Task requirements - Repeat everything in the listing exactly, except for the images.

Data provided -
"""
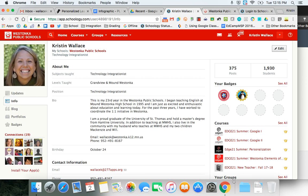Hi it's Kristen and in this video I'm going to review how to log into Schoology and get started in your Edge 21 course.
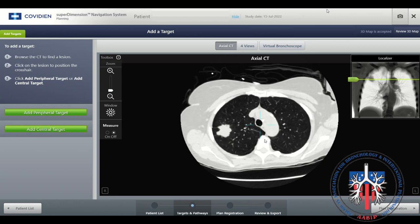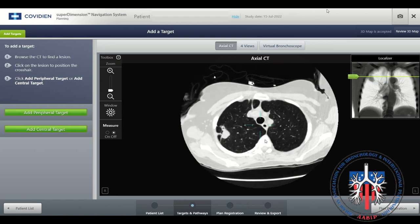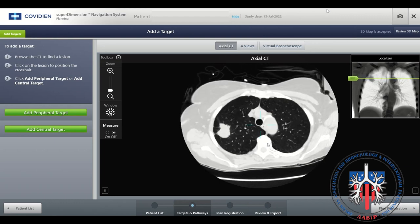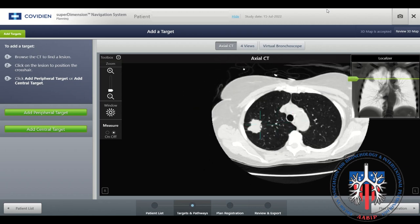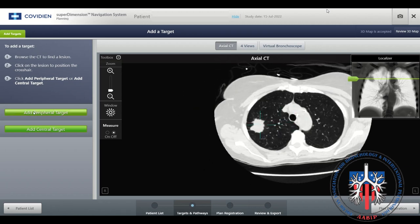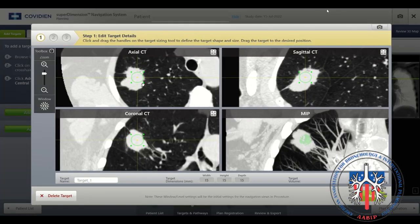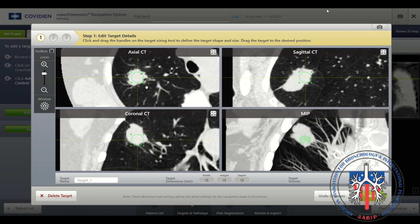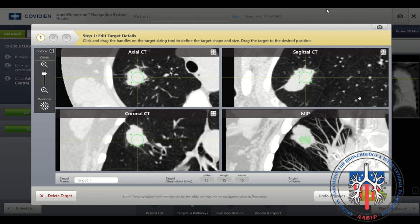The target nodule will now be marked. Scroll through the images until the nodule comes into view. Select the nodule and place the crosshairs on the nodule. Then select Add Peripheral Target. Now refine the target location. You can change the name of your target if needed, delete the target and start over, undo changes, or accept the target location.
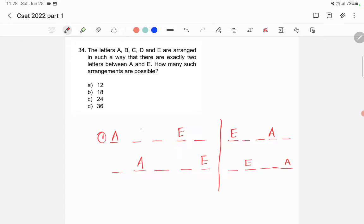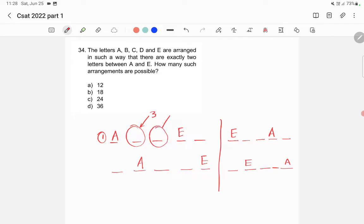For the first case, the positions of a and e are fixed. For the remaining three positions, we have three remaining letters to place. That gives us 3 possibilities for the first open spot, 2 for the second, and 1 for the third — so 3 × 2 × 1 = 6 total possibilities for this case.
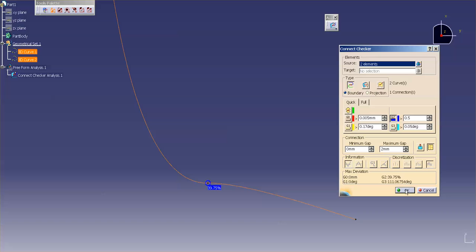And that is how you use Curve Connect or Connect Checker for curves. Now, in older versions of V5, there was a tool called Curve Connect Checker. It was separate, but here they've combined them in later revisions of CATIA V5 and in V6. It's the same thing.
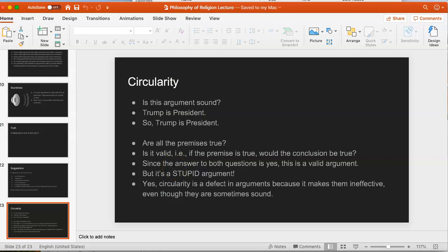I want to talk about one last concept: circularity. A sound argument can still be defective. Consider the argument: 'Trump is president, therefore Trump is president.' This is valid — if the premise is true, the conclusion must be true — and all its premises are true, so it is technically sound. But it's clearly a stupid argument. We have to say it's sound but defective, and its defectiveness is a matter of being circular. A circular argument is one in which the conclusion is identical to one of the premises.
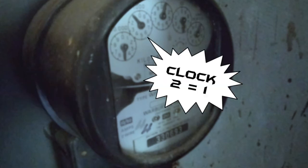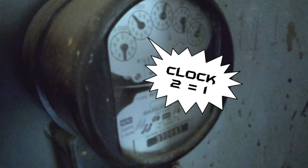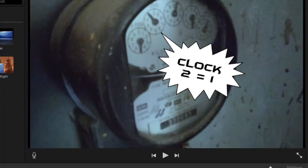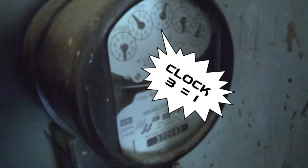Then the next number, which is clock two — that is one. See where the arrow is? Just on the one. Clock three is also on the one.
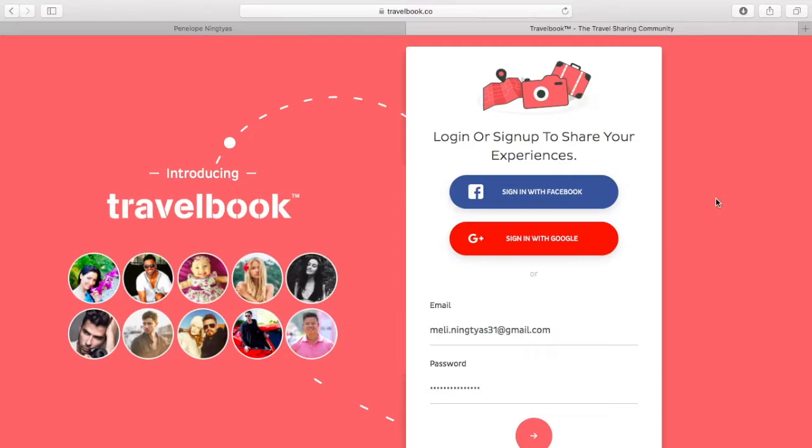Hola Generation Wanderlust! Welcome to today's tutorial on signing in with Facebook.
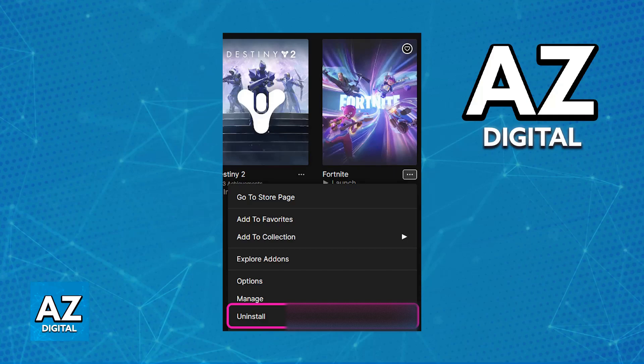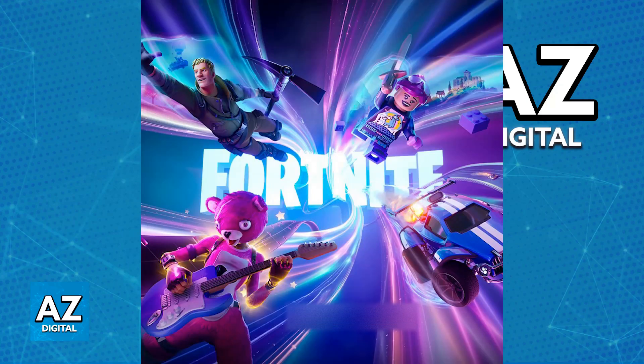If it still doesn't work, the next thing I would recommend is to try switching your networks. If you are using a wireless network, try switching to an internet cable, or vice versa. It could be as simple as switching from Wi-Fi to cable, or switching the network completely. This way, you will be able to see if the issue is attributed to your internet service provider, and then you can go from there.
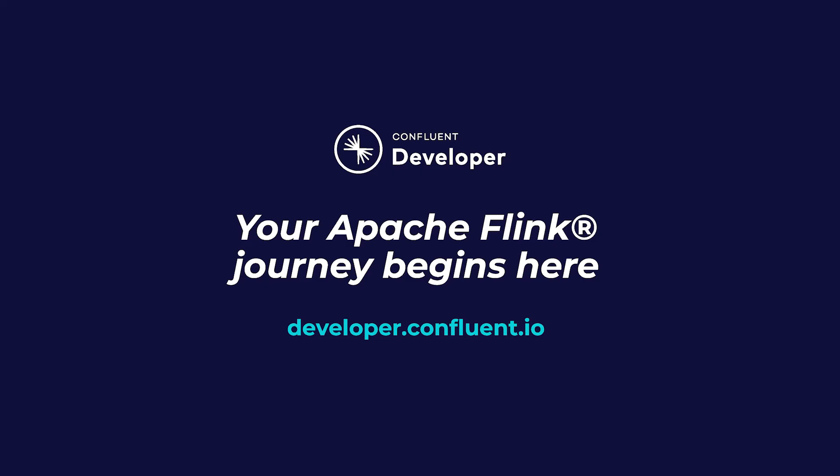And don't worry, you're not expected to be a SQL expert for this course. We're not going to be doing anything more complicated than aggregating data with Group By.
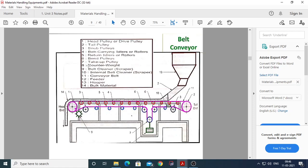The sixth component is the bend pulley. The bend pulley is used where you need to bend the belt — specifically at the take-up tension device location, where two bend pulleys are used on both sides of the belt. The seventh component is the take-up pulley, one of which is used at the take-up tension device.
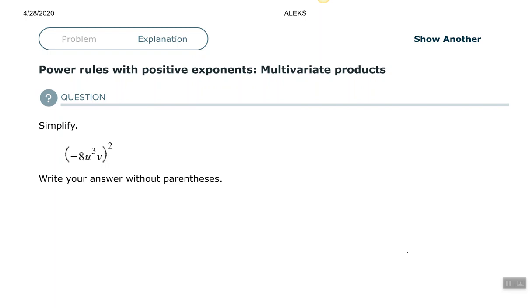Hey, good people. Arthur Morris here. I hope all is well. In this video, we're going to look at using the power rules with positive exponents for multivariate products. So we're going to look at simplifying these expressions.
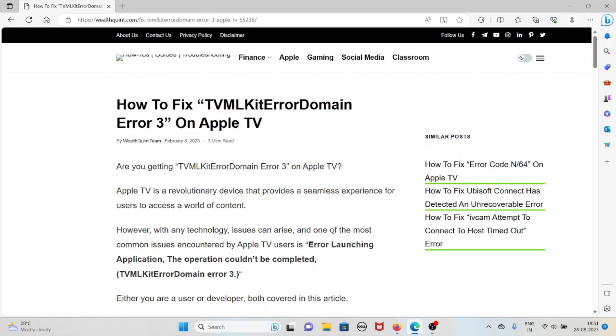Hi, let's see how to fix TVMLKit error domain error 3 on Apple TV. Are you getting this particular error, TVMLKit error domain error 3 on Apple TV?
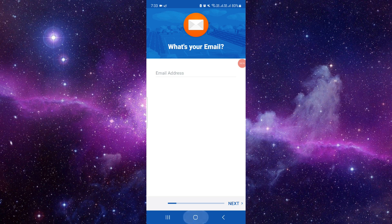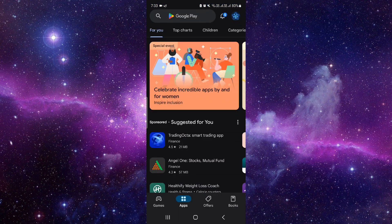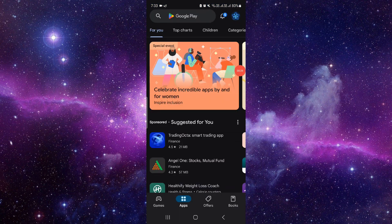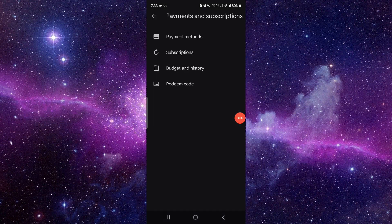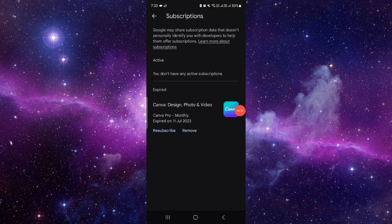After logging into your premium account, open your Google Play Store. Click on your account, then navigate to payment and subscriptions. Click on subscriptions. If it shows in the active section, just click on it.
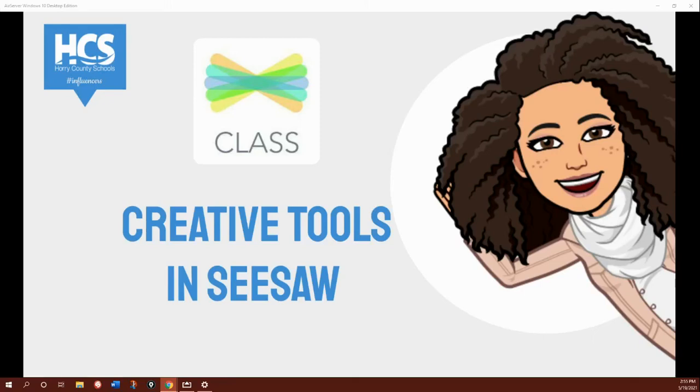Hi, I'm Ms. Green. Today we will be exploring creative tools in Seesaw. Seesaw is a digital program that can be used to demonstrate and share your learning. These tools will help to make completing your work fun. Let's get started.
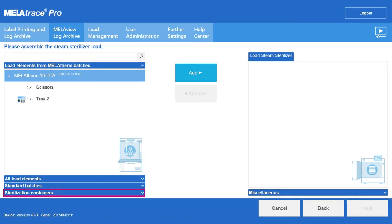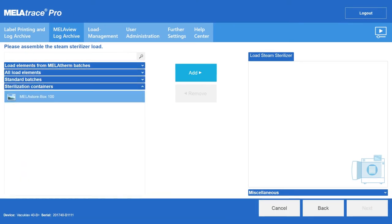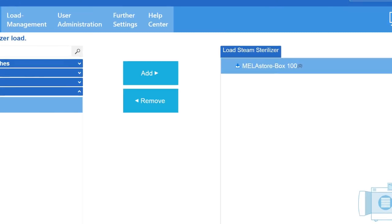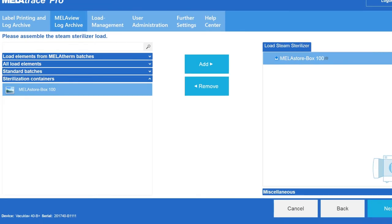To do so, click on the sterilization container tab and add the Miele Store box to the steam sterilizer load. The symbol in front of the Miele Store box underscores that you can start loading the sterilization container.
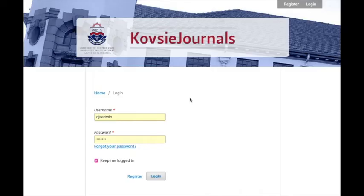If you are already registered with one of the journals on the University's OJS platform as an author, a reader, or a reviewer, and you would like to become an author or a reviewer on another COFSI journal too, you can log into the journal where you are currently registered.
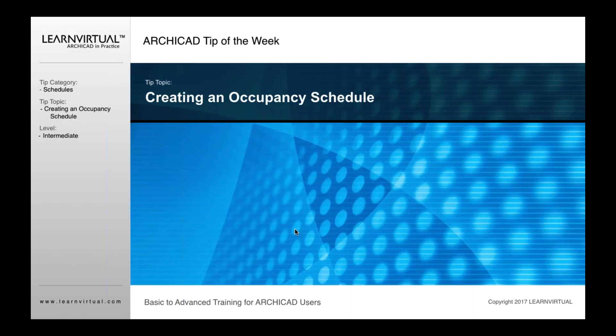The tip of the week this week is creating an occupancy schedule. If you've not done this before and you've needed this, this is a great option in ARCHICAD.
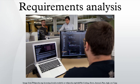It is increasingly recognized that stakeholders are not limited to the organization employing the analyst. Other stakeholders will include: anyone who operates the system, anyone who benefits from the system, anyone involved in purchasing or procuring the system. In a mass market product organization, product management, marketing and sometimes sales act as surrogate consumers to guide development of the product, organizations which regulate aspects of the system, people or organizations opposed to the system, organizations responsible for systems which interface with the system under design, those organizations who integrate horizontally with the organization for whom the analyst is designing the system.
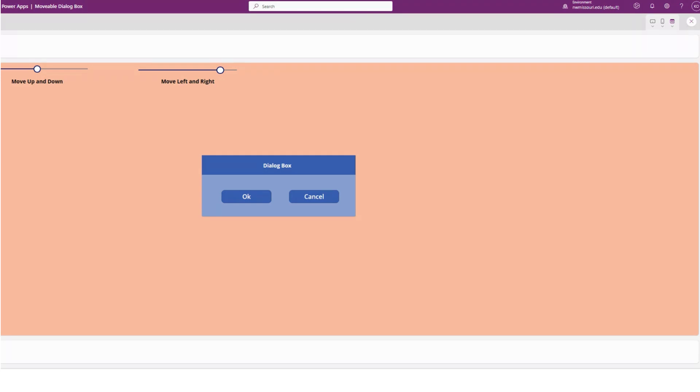In this video, I will show you how you can use a slider control in Power Apps to move a dialog box anywhere on the screen.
"""
Task output -
Hi it's Kristen and in this video I'm going to review how to log into Schoology and get started in your Edge 21 course.
The target nodule will now be marked. Scroll through the images until the nodule comes into view. Select the nodule and place the crosshairs on the nodule. Then select Add Peripheral Target. Now refine the target location. You can change the name of your target if needed, delete the target and start over, undo changes, or accept the target location.
For the first case, the positions of a and e are fixed. For the remaining three positions, we have three remaining letters to place. That gives us 3 possibilities for the first open spot, 2 for the second, and 1 for the third — so 3 × 2 × 1 = 6 total possibilities for this case.
And that is how you use Curve Connect or Connect Checker for curves. Now, in older versions of V5, there was a tool called Curve Connect Checker. It was separate, but here they've combined them in later revisions of CATIA V5 and in V6. It's the same thing.
I want to talk about one last concept: circularity. A sound argument can still be defective. Consider the argument: 'Trump is president, therefore Trump is president.' This is valid — if the premise is true, the conclusion must be true — and all its premises are true, so it is technically sound. But it's clearly a stupid argument. We have to say it's sound but defective, and its defectiveness is a matter of being circular. A circular argument is one in which the conclusion is identical to one of the premises.
Then the next number, which is clock two — that is one. See where the arrow is? Just on the one. Clock three is also on the one.
Hola Generation Wanderlust! Welcome to today's tutorial on signing in with Facebook.
If it still doesn't work, the next thing I would recommend is to try switching your networks. If you are using a wireless network, try switching to an internet cable, or vice versa. It could be as simple as switching from Wi-Fi to cable, or switching the network completely. This way, you will be able to see if the issue is attributed to your internet service provider, and then you can go from there.
And don't worry, you're not expected to be a SQL expert for this course. We're not going to be doing anything more complicated than aggregating data with Group By.
The sixth component is the bend pulley. The bend pulley is used where you need to bend the belt — specifically at the take-up tension device location, where two bend pulleys are used on both sides of the belt. The seventh component is the take-up pulley, one of which is used at the take-up tension device.
Hey, good people. Arthur Morris here. I hope all is well. In this video, we're going to look at using the power rules with positive exponents for multivariate products. So we're going to look at simplifying these expressions.
Hi, let's see how to fix TVMLKit error domain error 3 on Apple TV. Are you getting this particular error, TVMLKit error domain error 3 on Apple TV?
After logging into your premium account, open your Google Play Store. Click on your account, then navigate to payment and subscriptions. Click on subscriptions. If it shows in the active section, just click on it.
Hi, I'm Ms. Green. Today we will be exploring creative tools in Seesaw. Seesaw is a digital program that can be used to demonstrate and share your learning. These tools will help to make completing your work fun. Let's get started.
To do so, click on the sterilization container tab and add the Miele Store box to the steam sterilizer load. The symbol in front of the Miele Store box underscores that you can start loading the sterilization container.
If you are already registered with one of the journals on the University's OJS platform as an author, a reader, or a reviewer, and you would like to become an author or a reviewer on another COFSI journal too, you can log into the journal where you are currently registered.
The tip of the week this week is creating an occupancy schedule. If you've not done this before and you've needed this, this is a great option in ARCHICAD.
It is increasingly recognized that stakeholders are not limited to the organization employing the analyst. Other stakeholders will include: anyone who operates the system, anyone who benefits from the system, anyone involved in purchasing or procuring the system. In a mass market product organization, product management, marketing and sometimes sales act as surrogate consumers to guide development of the product, organizations which regulate aspects of the system, people or organizations opposed to the system, organizations responsible for systems which interface with the system under design, those organizations who integrate horizontally with the organization for whom the analyst is designing the system.
In this video, I will show you how you can use a slider control in Power Apps to move a dialog box anywhere on the screen.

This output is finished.